Task prompt:
Given the material below, output exactly the lines from the line with "マリハ ワンピース 夏の月影のドレス Pink Amethyst" to the line with "Duck Dogz Chews & Bones Merchant Logo", both ends included, and no other lines.

Raw data:
Start of Block

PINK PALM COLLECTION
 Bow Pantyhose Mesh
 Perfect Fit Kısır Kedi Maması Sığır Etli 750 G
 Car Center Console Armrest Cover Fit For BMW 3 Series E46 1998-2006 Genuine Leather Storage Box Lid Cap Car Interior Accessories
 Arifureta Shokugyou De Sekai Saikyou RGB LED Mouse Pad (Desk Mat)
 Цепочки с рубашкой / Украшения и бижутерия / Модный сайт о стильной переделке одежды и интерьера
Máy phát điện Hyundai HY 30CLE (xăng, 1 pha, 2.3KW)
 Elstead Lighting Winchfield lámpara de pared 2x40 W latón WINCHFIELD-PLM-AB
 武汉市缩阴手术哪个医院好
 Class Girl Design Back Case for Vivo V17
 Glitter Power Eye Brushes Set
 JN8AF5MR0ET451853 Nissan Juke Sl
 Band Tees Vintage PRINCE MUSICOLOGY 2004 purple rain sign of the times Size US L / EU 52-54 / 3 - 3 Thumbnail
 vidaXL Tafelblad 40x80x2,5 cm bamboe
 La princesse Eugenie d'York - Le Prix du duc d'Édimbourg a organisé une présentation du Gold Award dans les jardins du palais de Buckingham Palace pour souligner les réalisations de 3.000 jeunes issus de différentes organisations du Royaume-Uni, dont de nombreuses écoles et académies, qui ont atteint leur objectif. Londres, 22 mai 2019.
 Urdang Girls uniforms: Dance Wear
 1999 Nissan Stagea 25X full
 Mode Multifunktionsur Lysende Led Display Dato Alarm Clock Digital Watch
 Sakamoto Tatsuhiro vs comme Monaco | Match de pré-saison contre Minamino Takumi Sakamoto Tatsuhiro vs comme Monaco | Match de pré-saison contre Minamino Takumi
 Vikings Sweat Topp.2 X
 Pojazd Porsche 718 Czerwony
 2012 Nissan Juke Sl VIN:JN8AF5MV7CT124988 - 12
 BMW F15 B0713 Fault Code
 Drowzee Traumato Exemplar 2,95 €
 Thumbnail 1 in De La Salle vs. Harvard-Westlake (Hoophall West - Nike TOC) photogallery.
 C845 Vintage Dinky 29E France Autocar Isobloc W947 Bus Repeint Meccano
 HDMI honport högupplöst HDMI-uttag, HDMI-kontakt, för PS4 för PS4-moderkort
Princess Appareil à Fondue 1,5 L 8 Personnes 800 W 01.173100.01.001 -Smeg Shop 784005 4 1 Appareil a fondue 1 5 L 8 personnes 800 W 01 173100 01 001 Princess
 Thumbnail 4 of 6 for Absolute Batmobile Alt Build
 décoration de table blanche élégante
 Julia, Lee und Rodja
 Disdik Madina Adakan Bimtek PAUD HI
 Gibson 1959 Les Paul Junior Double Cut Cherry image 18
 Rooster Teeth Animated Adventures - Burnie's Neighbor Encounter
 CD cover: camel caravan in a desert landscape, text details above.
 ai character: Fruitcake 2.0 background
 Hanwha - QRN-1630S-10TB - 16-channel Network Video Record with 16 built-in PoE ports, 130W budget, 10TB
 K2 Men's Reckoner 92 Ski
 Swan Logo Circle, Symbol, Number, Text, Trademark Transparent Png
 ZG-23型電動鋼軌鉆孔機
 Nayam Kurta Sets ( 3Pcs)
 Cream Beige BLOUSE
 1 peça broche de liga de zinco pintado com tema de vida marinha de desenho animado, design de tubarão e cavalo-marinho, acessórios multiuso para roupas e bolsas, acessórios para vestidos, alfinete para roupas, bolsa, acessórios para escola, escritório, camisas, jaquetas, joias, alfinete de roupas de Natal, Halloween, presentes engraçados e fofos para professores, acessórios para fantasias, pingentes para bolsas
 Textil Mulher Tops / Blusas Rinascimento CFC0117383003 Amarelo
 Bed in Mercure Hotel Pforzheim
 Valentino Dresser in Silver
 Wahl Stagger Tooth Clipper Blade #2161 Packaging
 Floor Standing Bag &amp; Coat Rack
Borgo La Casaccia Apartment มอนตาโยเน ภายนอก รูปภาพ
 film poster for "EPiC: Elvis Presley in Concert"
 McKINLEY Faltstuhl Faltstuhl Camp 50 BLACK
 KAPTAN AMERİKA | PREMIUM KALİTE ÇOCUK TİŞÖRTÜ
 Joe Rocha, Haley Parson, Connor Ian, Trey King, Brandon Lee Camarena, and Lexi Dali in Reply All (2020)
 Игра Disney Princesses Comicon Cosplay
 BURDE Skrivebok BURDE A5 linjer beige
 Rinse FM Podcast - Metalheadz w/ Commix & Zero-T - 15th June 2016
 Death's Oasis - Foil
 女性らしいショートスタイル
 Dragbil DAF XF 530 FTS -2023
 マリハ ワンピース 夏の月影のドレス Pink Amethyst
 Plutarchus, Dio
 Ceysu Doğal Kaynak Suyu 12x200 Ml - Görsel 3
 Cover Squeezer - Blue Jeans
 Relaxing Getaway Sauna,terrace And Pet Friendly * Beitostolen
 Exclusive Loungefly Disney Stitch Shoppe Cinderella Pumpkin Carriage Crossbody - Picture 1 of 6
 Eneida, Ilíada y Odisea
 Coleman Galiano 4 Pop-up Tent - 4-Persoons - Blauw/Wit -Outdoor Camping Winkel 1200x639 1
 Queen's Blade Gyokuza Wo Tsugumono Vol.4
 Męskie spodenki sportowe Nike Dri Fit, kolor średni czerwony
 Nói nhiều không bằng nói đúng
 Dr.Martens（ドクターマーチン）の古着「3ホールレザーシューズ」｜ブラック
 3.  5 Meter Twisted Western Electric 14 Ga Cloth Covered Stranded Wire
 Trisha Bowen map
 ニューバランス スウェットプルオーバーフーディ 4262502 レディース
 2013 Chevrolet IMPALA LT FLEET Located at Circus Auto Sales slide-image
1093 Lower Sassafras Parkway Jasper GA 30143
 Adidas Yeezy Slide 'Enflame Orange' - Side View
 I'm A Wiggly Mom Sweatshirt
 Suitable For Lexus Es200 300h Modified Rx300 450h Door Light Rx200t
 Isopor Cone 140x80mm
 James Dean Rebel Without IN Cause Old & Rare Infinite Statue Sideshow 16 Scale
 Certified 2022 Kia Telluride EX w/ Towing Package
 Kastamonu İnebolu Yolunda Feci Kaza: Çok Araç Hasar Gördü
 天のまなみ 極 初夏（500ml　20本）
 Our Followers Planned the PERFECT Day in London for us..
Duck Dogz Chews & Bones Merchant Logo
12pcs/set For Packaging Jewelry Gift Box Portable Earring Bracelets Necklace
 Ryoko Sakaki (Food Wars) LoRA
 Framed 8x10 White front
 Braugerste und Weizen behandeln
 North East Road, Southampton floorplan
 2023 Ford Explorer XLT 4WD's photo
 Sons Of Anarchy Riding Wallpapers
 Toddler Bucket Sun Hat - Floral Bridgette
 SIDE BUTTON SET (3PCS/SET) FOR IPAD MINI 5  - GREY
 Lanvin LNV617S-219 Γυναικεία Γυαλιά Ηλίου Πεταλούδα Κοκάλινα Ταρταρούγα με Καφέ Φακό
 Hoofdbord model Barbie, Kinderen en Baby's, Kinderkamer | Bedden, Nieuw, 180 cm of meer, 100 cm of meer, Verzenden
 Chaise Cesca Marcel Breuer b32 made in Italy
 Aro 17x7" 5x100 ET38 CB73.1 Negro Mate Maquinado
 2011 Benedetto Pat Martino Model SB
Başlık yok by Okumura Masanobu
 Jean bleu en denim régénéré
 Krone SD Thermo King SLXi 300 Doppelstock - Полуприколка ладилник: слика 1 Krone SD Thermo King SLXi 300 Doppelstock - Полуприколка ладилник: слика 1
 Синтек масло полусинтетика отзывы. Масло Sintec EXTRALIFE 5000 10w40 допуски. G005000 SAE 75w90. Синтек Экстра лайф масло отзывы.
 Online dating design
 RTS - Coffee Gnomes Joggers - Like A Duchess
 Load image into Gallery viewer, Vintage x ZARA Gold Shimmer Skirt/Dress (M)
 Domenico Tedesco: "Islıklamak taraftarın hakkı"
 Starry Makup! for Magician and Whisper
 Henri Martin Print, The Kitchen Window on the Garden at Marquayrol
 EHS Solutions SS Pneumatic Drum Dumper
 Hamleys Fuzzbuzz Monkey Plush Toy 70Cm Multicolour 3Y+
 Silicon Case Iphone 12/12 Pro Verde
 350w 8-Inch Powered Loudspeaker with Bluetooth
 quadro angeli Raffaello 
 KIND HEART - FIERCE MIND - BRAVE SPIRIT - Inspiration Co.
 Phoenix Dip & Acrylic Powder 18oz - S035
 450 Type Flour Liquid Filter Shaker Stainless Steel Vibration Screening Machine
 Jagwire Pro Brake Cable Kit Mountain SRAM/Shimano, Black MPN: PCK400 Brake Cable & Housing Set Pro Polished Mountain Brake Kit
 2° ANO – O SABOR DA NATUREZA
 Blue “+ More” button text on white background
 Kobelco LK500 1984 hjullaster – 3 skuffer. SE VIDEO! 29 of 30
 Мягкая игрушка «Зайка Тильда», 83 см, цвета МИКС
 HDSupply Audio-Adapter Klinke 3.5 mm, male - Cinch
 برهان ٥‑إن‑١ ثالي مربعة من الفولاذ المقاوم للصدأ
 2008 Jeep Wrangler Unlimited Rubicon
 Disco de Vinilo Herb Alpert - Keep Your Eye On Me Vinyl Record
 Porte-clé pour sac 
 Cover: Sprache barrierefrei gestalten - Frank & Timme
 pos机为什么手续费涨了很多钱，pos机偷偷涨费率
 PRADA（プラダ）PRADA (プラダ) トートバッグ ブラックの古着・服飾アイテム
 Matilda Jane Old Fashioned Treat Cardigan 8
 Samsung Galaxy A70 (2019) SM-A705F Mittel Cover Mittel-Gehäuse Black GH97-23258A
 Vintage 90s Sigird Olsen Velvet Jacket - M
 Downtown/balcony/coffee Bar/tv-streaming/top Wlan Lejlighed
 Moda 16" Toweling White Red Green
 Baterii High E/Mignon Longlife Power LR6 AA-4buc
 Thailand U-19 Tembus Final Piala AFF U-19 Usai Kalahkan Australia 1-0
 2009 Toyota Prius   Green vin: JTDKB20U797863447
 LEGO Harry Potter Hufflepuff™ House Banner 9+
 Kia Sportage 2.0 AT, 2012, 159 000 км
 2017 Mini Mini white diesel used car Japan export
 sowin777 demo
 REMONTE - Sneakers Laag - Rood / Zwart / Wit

End of Block

Solved exercise:
 マリハ ワンピース 夏の月影のドレス Pink Amethyst
 Plutarchus, Dio
 Ceysu Doğal Kaynak Suyu 12x200 Ml - Görsel 3
 Cover Squeezer - Blue Jeans
 Relaxing Getaway Sauna,terrace And Pet Friendly * Beitostolen
 Exclusive Loungefly Disney Stitch Shoppe Cinderella Pumpkin Carriage Crossbody - Picture 1 of 6
 Eneida, Ilíada y Odisea
 Coleman Galiano 4 Pop-up Tent - 4-Persoons - Blauw/Wit -Outdoor Camping Winkel 1200x639 1
 Queen's Blade Gyokuza Wo Tsugumono Vol.4
 Męskie spodenki sportowe Nike Dri Fit, kolor średni czerwony
 Nói nhiều không bằng nói đúng
 Dr.Martens（ドクターマーチン）の古着「3ホールレザーシューズ」｜ブラック
 3.  5 Meter Twisted Western Electric 14 Ga Cloth Covered Stranded Wire
 Trisha Bowen map
 ニューバランス スウェットプルオーバーフーディ 4262502 レディース
 2013 Chevrolet IMPALA LT FLEET Located at Circus Auto Sales slide-image
1093 Lower Sassafras Parkway Jasper GA 30143
 Adidas Yeezy Slide 'Enflame Orange' - Side View
 I'm A Wiggly Mom Sweatshirt
 Suitable For Lexus Es200 300h Modified Rx300 450h Door Light Rx200t
 Isopor Cone 140x80mm
 James Dean Rebel Without IN Cause Old & Rare Infinite Statue Sideshow 16 Scale
 Certified 2022 Kia Telluride EX w/ Towing Package
 Kastamonu İnebolu Yolunda Feci Kaza: Çok Araç Hasar Gördü
 天のまなみ 極 初夏（500ml　20本）
 Our Followers Planned the PERFECT Day in London for us..
Duck Dogz Chews & Bones Merchant Logo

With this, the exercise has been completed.